● **PROBLEM DESCRIPTION**:
The answer should contain all of the data, retyped without any alteration.

-- Opening Marker --

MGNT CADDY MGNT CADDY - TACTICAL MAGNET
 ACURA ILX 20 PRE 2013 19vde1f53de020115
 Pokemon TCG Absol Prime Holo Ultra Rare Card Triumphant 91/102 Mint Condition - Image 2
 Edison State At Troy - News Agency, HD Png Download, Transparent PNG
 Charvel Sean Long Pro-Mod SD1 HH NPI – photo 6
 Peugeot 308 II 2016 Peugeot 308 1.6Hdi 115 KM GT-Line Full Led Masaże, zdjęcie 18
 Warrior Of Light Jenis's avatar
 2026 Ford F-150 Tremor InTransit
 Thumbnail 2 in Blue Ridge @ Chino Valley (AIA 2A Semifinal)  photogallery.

-- Closing Marker --

● **SOLUTION FOR THIS TASK**:
MGNT CADDY MGNT CADDY - TACTICAL MAGNET
 ACURA ILX 20 PRE 2013 19vde1f53de020115
 Pokemon TCG Absol Prime Holo Ultra Rare Card Triumphant 91/102 Mint Condition - Image 2
 Edison State At Troy - News Agency, HD Png Download, Transparent PNG
 Charvel Sean Long Pro-Mod SD1 HH NPI – photo 6
 Peugeot 308 II 2016 Peugeot 308 1.6Hdi 115 KM GT-Line Full Led Masaże, zdjęcie 18
 Warrior Of Light Jenis's avatar
 2026 Ford F-150 Tremor InTransit
 Thumbnail 2 in Blue Ridge @ Chino Valley (AIA 2A Semifinal)  photogallery.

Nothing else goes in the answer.